Please also consider updating the package name when rebuilding, e.g., increase the build number from -1 to -2, or follow what some other packages due to include the OS point release, e.g., sssd-2.7.3-4.el8_7.1.x86_64. I think it would be useful for future bug reports for some dnf, rpm, or yum command that can unambiguously let you know which kmod-zfs-2.1.6-1.el8.x86_64 is installed.
In theory, Linux doesn't promise any binary compatibility between kernel versions.
RH decided they wanted to promise some, and thus the whole weak-modules thing exists, but as you see, it's not remotely perfect.
I suppose there could be a fundamentally different kind of test bot that runs nightly or so and just tries loading the latest module packages against updated RHEL/Alma/what-have-you, since RH are the only ones where a premade binary is provided. @behlendorf does that sound like something the project would be interested in doing, or too niche a problem to solve?
Bumping the 8.7 rebuild from kmod-zfs-2.1.6-1.el8.x86_64 to kmod-zfs-2.1.6-2.el8.x86_64 would also have the advantage that users upgrading EL8.6 systems to EL8.7 could be blissfully unaware of this problem and receive an automatic update (assuming they properly update /etc/yum.repos.d/zfs.repo). However, as it stands an update of an EL8.6 system that already has a working kmod-zfs-2.1.6-1.el8.x86_64 installed will not automatically reinstall the working 8.7 kmod and a reboot will hang.
RedHat does promise kernel binary compatibility within a minor release as long as the kmod uses only whitelisted symbols. Unfortunately, ZFS needs symbols beyond those on the whitelist, and at least in this case there was a minor version bump, so no guarantees.
@rincebrain my feeling is this is a little too much of a niche problem. When a new RHEL/Alma/Rocky release is made we build against that kernel and verify the build with a full test suite run. Only if it passes do we post packages with kmods. Using binary kmods built against kernels from other minor releases isn't recommended. They may work, but they won't have been tested.
would also have the advantage that users upgrading EL8.6 systems to EL8.7 could be blissfully unaware of this problem and receive an automatic update
That's a good point and something we should consider doing in the future.
Can we set the dist part of the RPMs to have something like el8_<min_version> instead of el8 (eg: el8_6, el8_7)? This is a fairly common practice that we can see on redhat packages. This would allow us to upgrade from 8.6 to 8.7 by upgrading packages on different repositories. Right now, the packages on both 8.6 and 8.7 repositories have the same release, version etc.
@behlendorf, is it now save to upgrade rocky from 8.6 to 8.7? Because here, I don't see any new version and my update notification don't list any new zfs update.
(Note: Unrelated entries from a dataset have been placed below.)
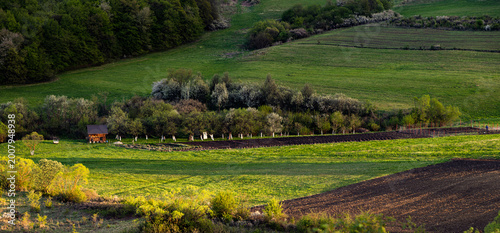 Foto bright green landscape in early summer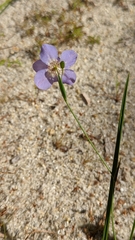 Eustoma exaltatum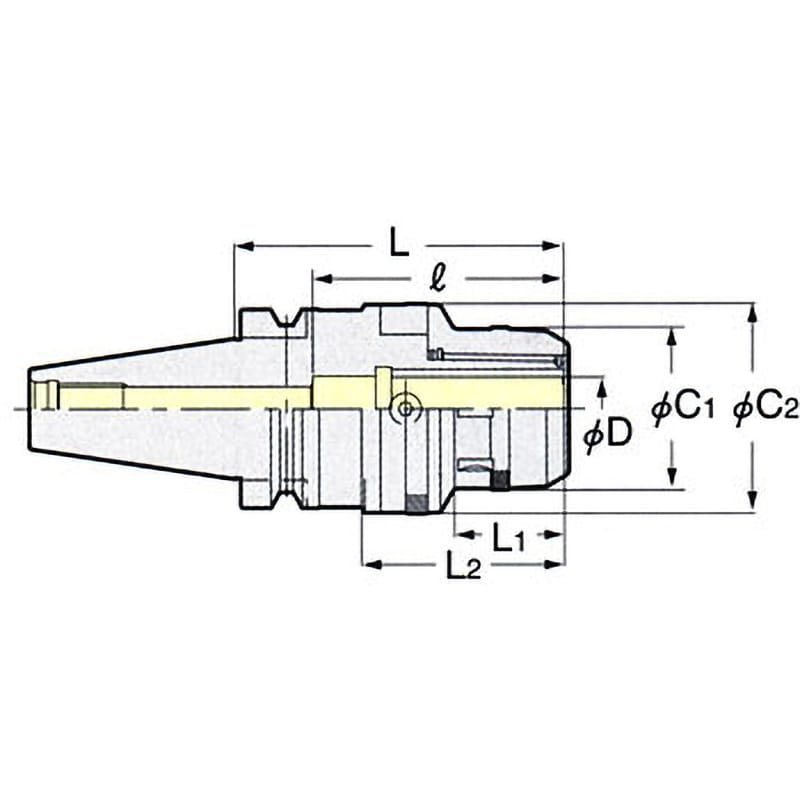 NBT30-CZF20-100 2LOCKゼロフィット型ミーリングチャック 1個 日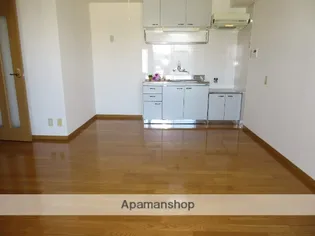 アーバネスト西村Ⅷ【307号室】のキッチン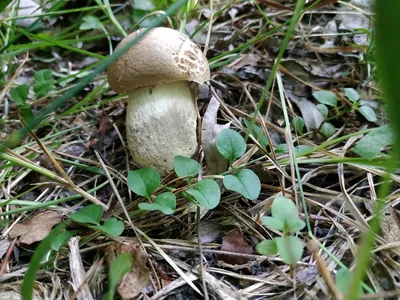 Съедобные грибы Белгородской области - фото и картинки: 69 штук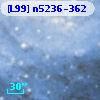 [L99] n5236-362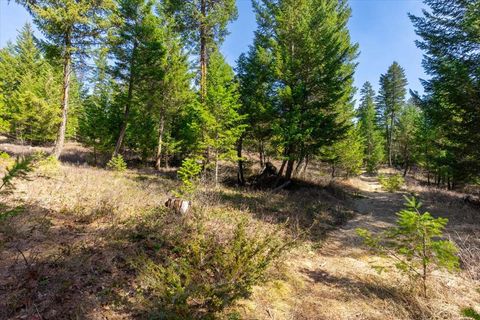 Tiny photo for 81 Scholar Lane, Whitefish, MT 59937 (MLS # 30068499)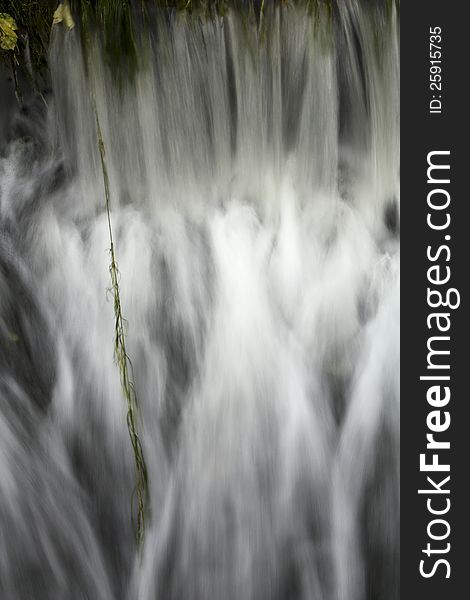 Details of flowing water with a green blade of plants. Details of flowing water with a green blade of plants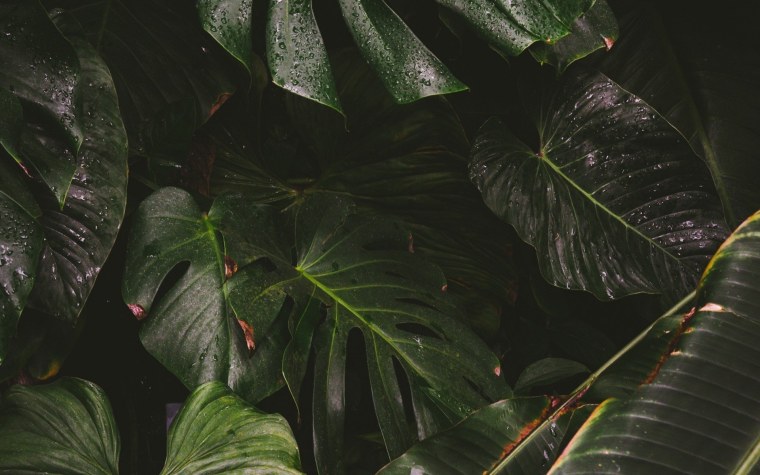 Монстера папоротник растения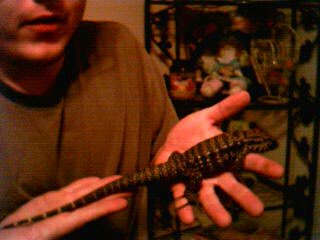 My Tegu "Tatoo (the Tegu)"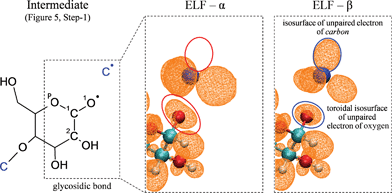 
            Homolytic cleavage of glycosidic linkage. Electron localization function (ELF) analysis of a short-lived radical intermediate produced immediate after glycosidic bond cleavage and in the process of converting α-cyclodextrin to furans (Fig. 5, Step-1).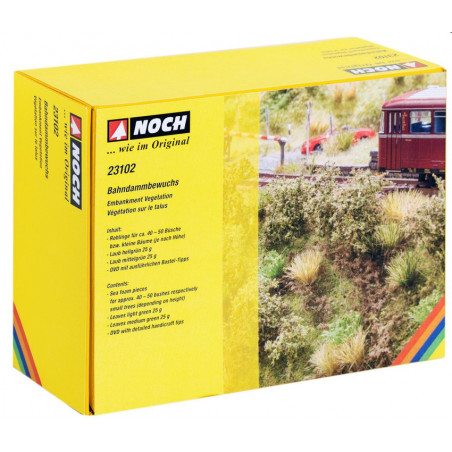 Noch - Bahndammbewuchs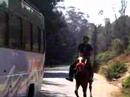 Ooty Horse riding - 2005 Ooty Horse riding - 2005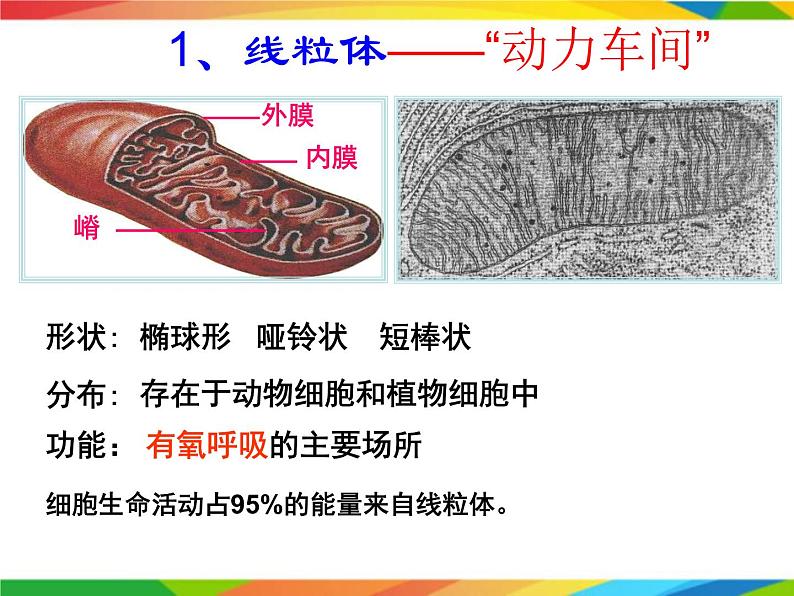 必修1 第3章 第2节细胞器之间的分工合作课件PPT第7页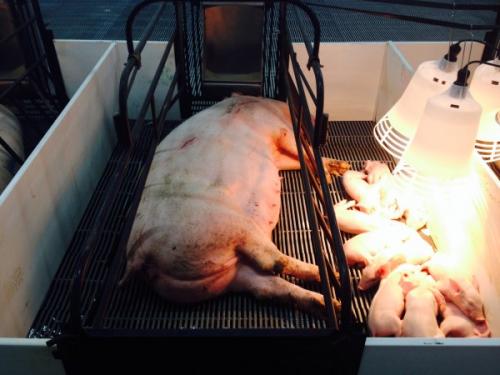 pigs2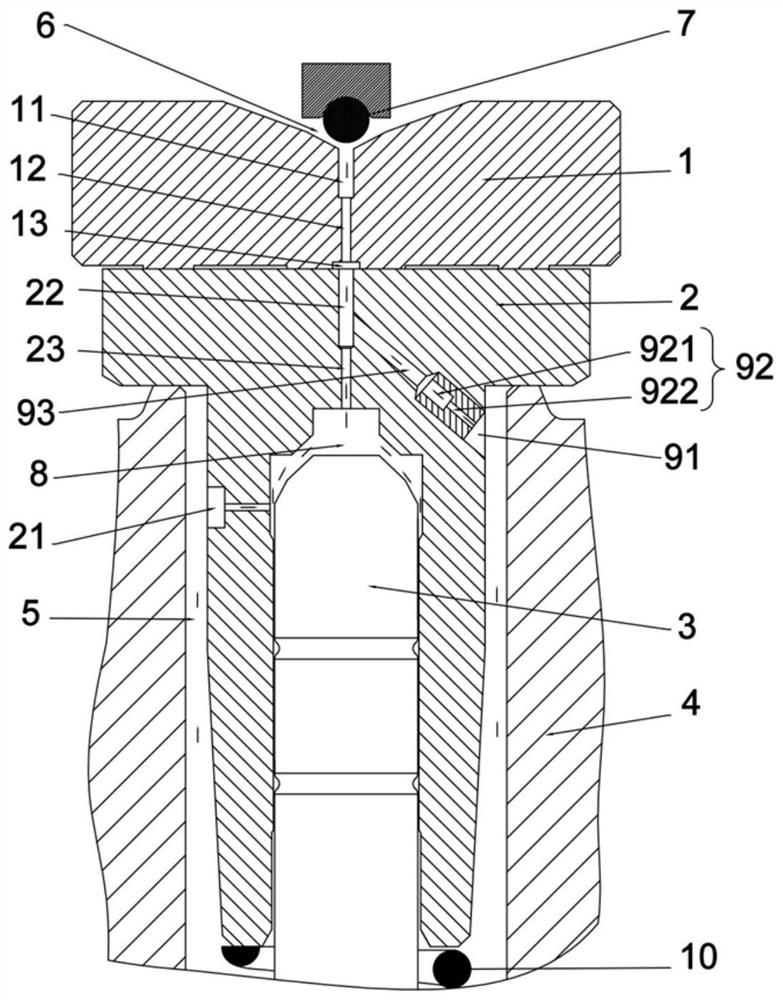 A kind of fuel injection valve and diesel engine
@jb-alvarado I am successfully using the new 8.7 repository, but note that even if you have that repository configured, if you already installed kmod-zfs-2.1.6 from the 8.6 repository, then because the Release number was not bumped, it will not show as an update, and you need to dnf reinstall it.
Thank you @quartsize for the help!
It was now a bit complicate: I though I can run reinstall after reboot, but this did not work. So I had to boot in older Kernel, remove zfs, boot in new Kernel run sed -i "s/8.6/8.7/g" /etc/yum.repos.d/zfs.repo an install zfs again.
If you look in the https://zfsonlinux.org/epel/zfs-release-2-2$(rpm --eval "%{dist}").noarch.rpm package given on the page you linked, you'll see that the repofile provided therein uses the releasever variable -- on my Rocky 8 systems that's simply 8, and so I get http://download.zfsonlinux.org/epel/8/x86_64/, whose repomd.xml is the same as for 8.7, so using that version of the release package and/or repofile might save you needing to edit it to have the most recent repository available for any dnf reinstalls.